Thermally activated tunable auxeticity in periodic lattice structures

摘要

Auxetic lattice structures, characterized by a negative Poisson’s ratio, are advantageous in a variety of fields such as sports, architecture, soft robotics, and bio-medical devices. The auxeticity stems from the topology and the geometry of the struts. Currently, many well-known auxetic unit cells available in literature are employed to enhance performance. In this work, we propose a design concept for smart structures that transition from non-auxetic to auxetic through thermal excitation. We consider two infinitely periodic lattices - a square lattice and a triangular lattice - comprising bi-layer struts with different thermo-mechanical properties. Thermal excitation leads to the bending of the struts, thereby changing the conformation of the lattice and inducing an auxetic response. By employing moderate rotations theory, we develop tools that enable one to determine the thermally-induced deformations. Next, using finite element (FE) simulations, we investigate the dependence of the Poisson’s ratio and the response of the lattice on the geometry, the layer properties, and the applied thermal excitation.

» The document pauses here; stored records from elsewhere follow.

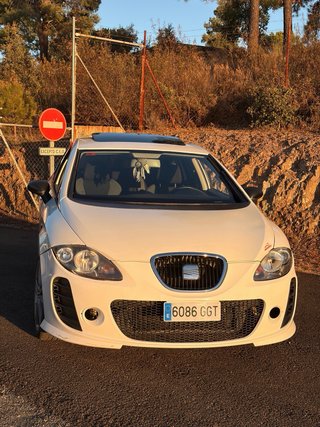 SEAT Leon 2008
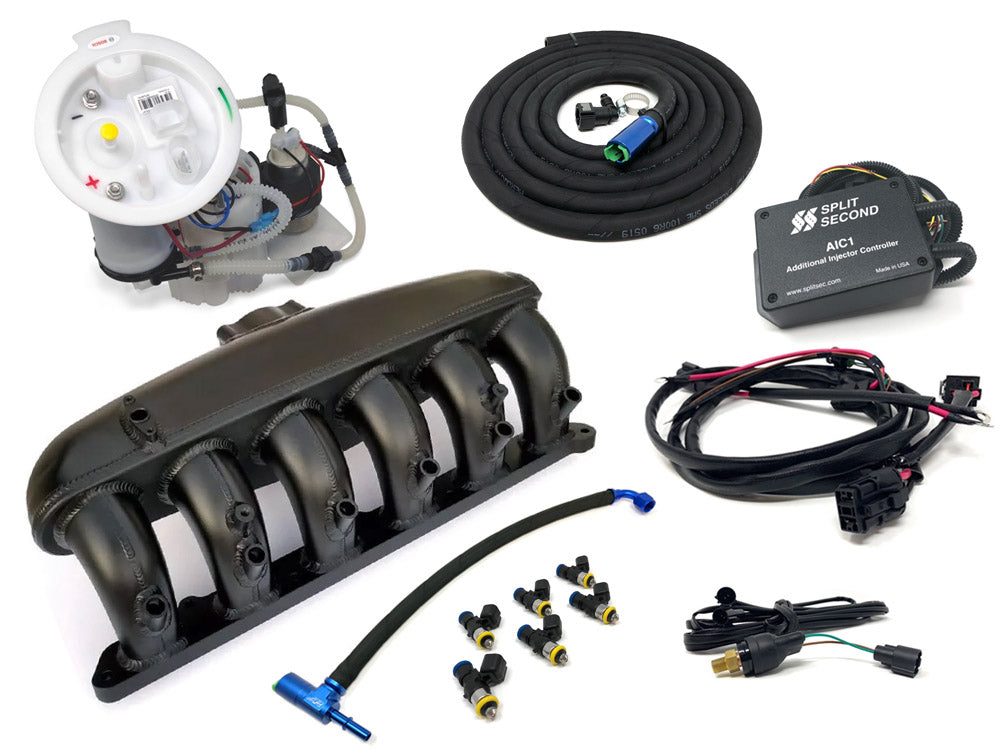 Black Market Parts (BMP) F-Series Complete Fueling Solution (N55 ...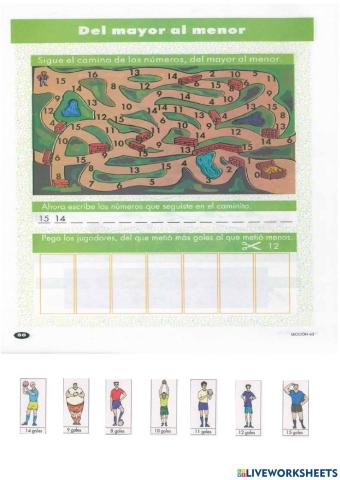 Matemáticas parte 3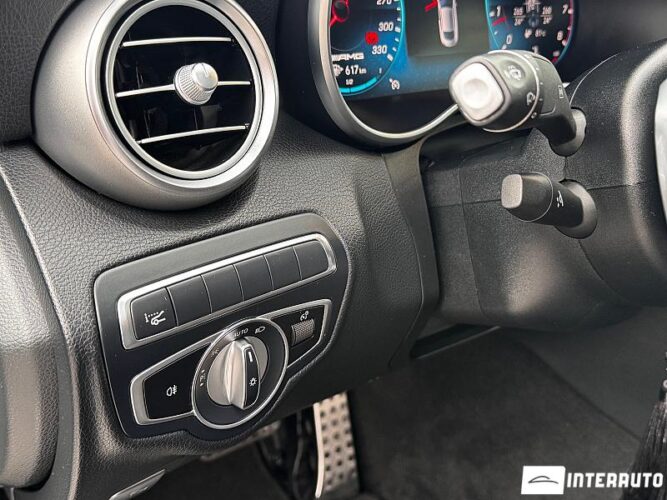 mercedes C 300 2018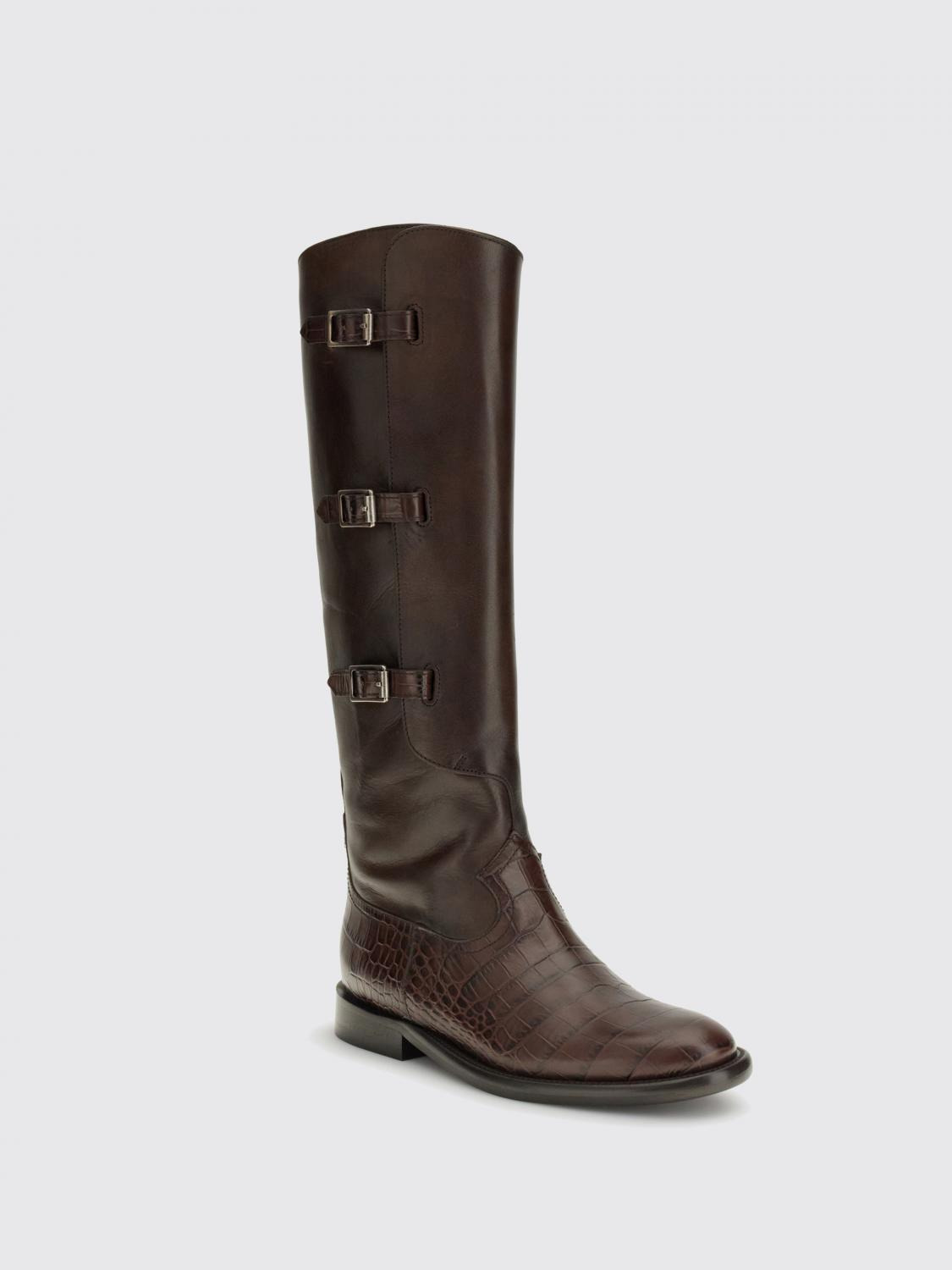 Boots woman Paris Texas - 2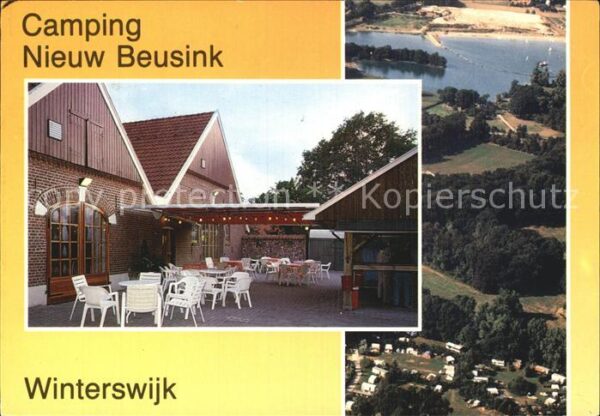 Winterswijk Camping Nieuw Beusink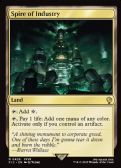 Final Fantasy Commander -  Spire of Industry
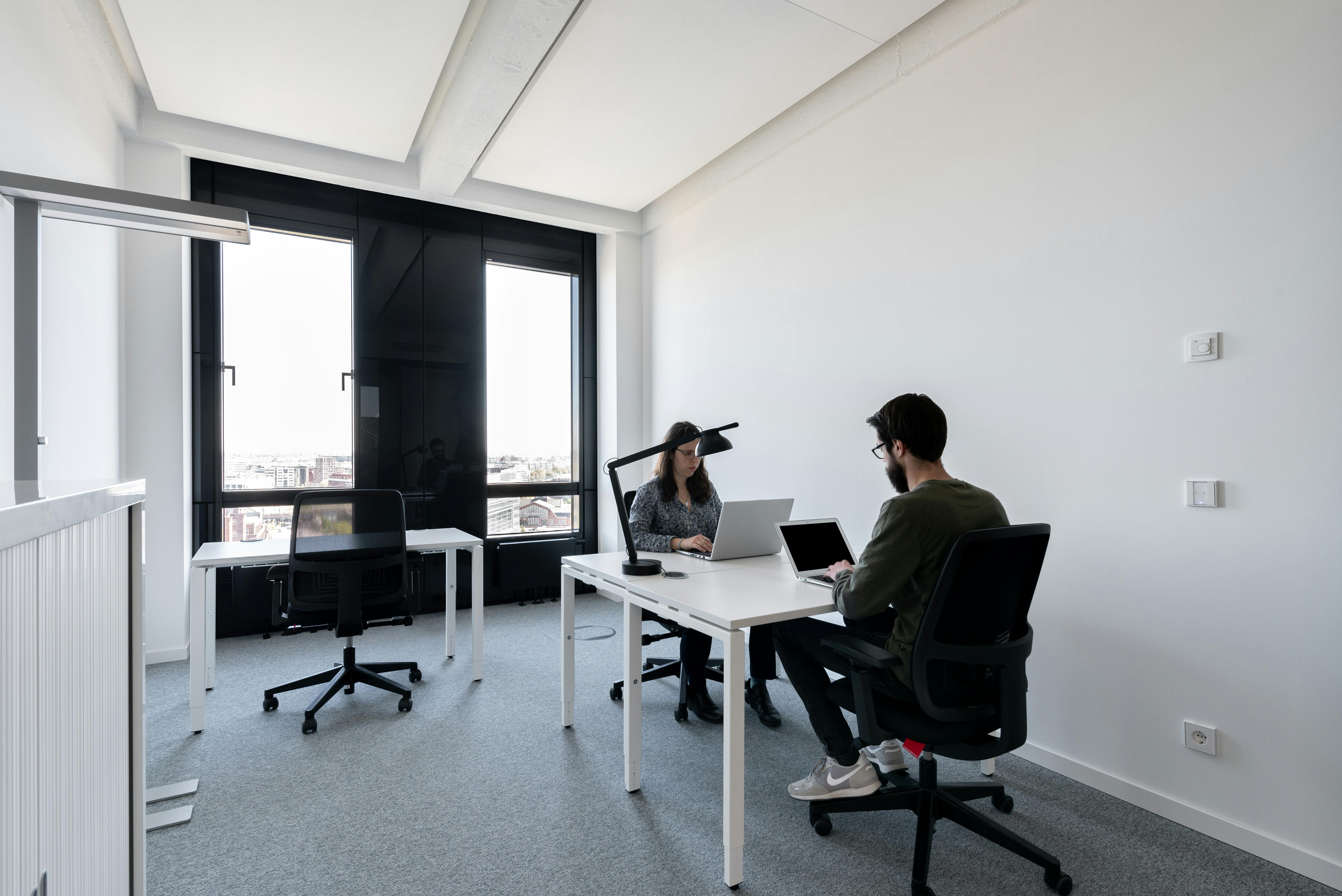 Office Space In Hamburg Spaces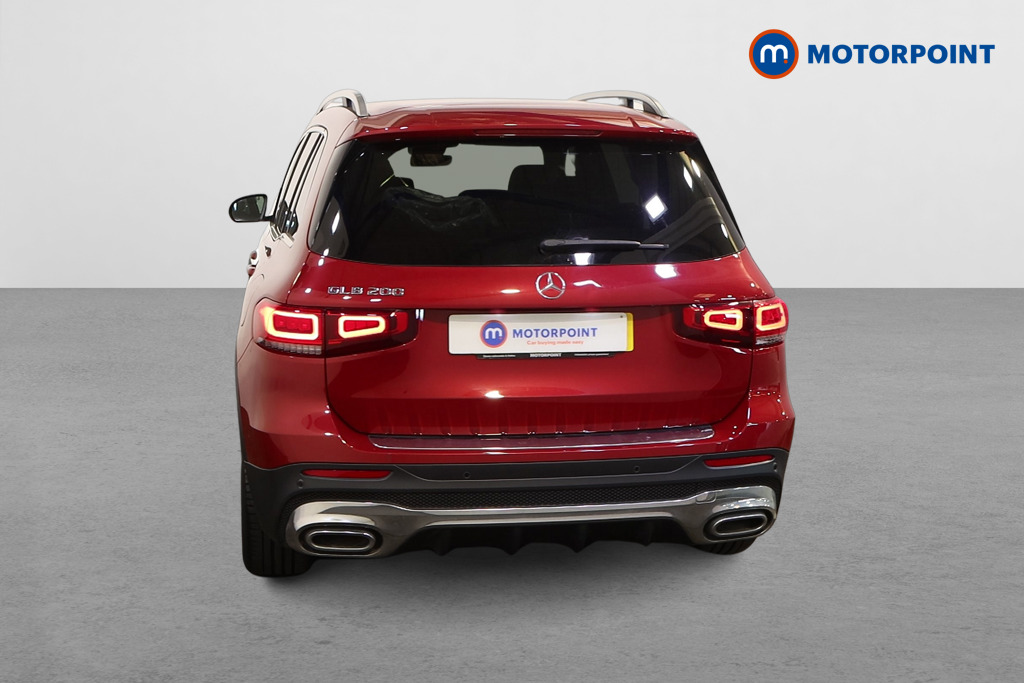 Mercedes-Benz GLB Amg Line Automatic Petrol SUV - Stock Number (1617182) - Rear bumper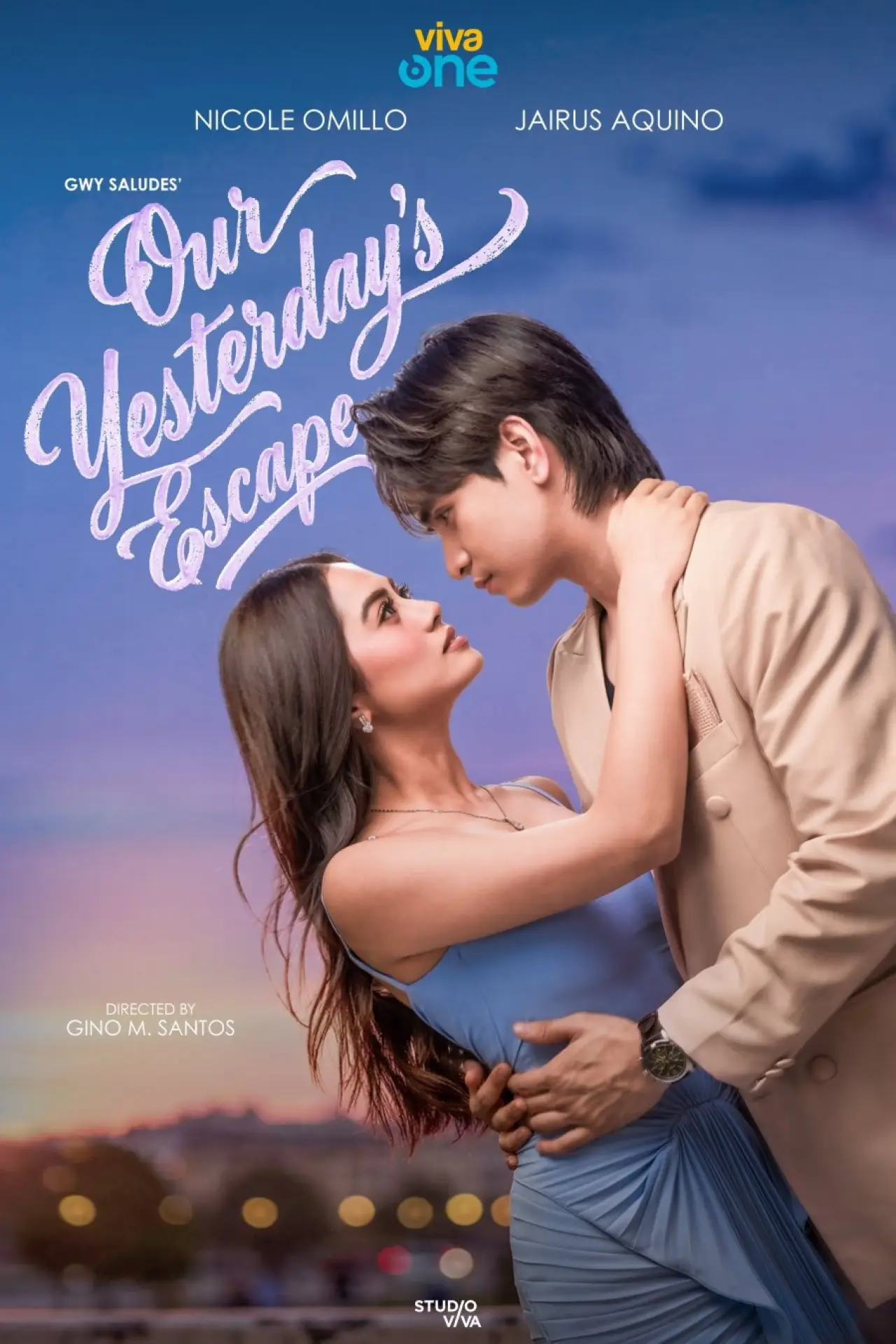 Постер до серіалу "Our Yesterday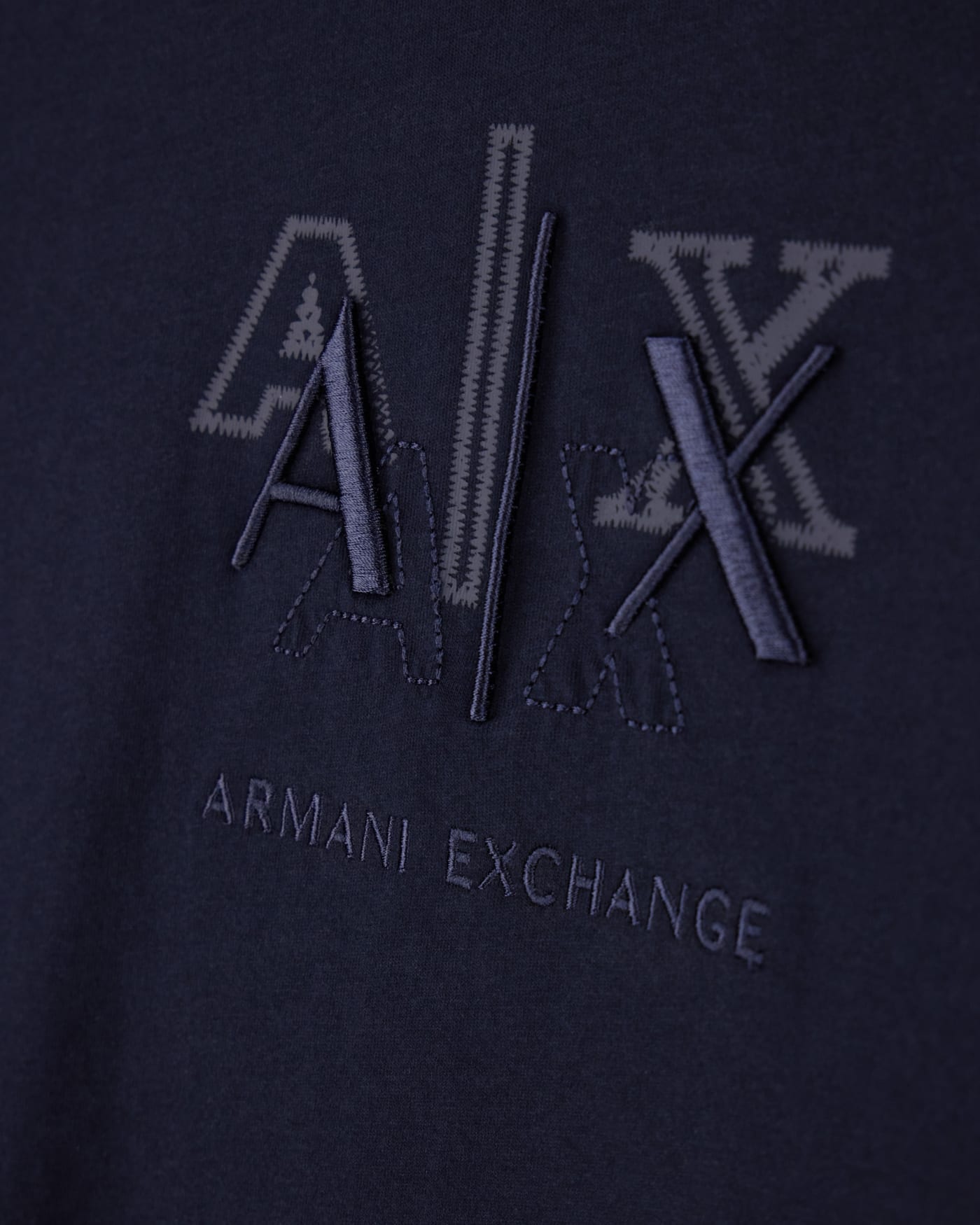 slim fit t-shirt in cotton jersey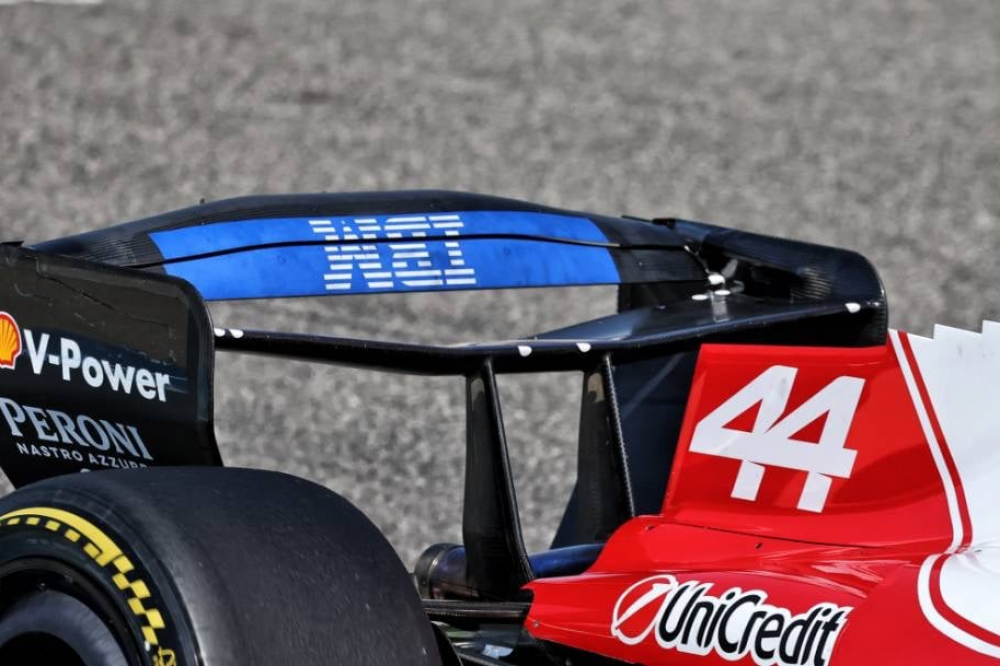 Ferrari prépare l’aileron arrière « Macarena » pour défier Mercedes au Grand Prix de Chine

We show that temperature can be used to control the Poisson’s ratio over a wide range, which depends on the lattice topology. Specifically, periodic square lattices can achieve Poisson’s ratios between 0 to − 0 . 8 , and triangular lattices can switch between auxetic and non-auxetic behavior. The findings from this work can be used to design lattices with different topologies that exhibit a wide range of Poisson’s ratios and responses, which include transitions from auxetic to non-auxetic. • Design concept for thermally activated periodic lattices that transition from non-auxetic to auxetic. • Simulations showing a wide range of Poisson’s ratios that can be achieved using thermal excitation in periodic lattices. • Analytical equations that enable inverse design of the response of lattice structures via temperature. • Findings can be used to thermally induce a wide range of behaviors in lattice structures.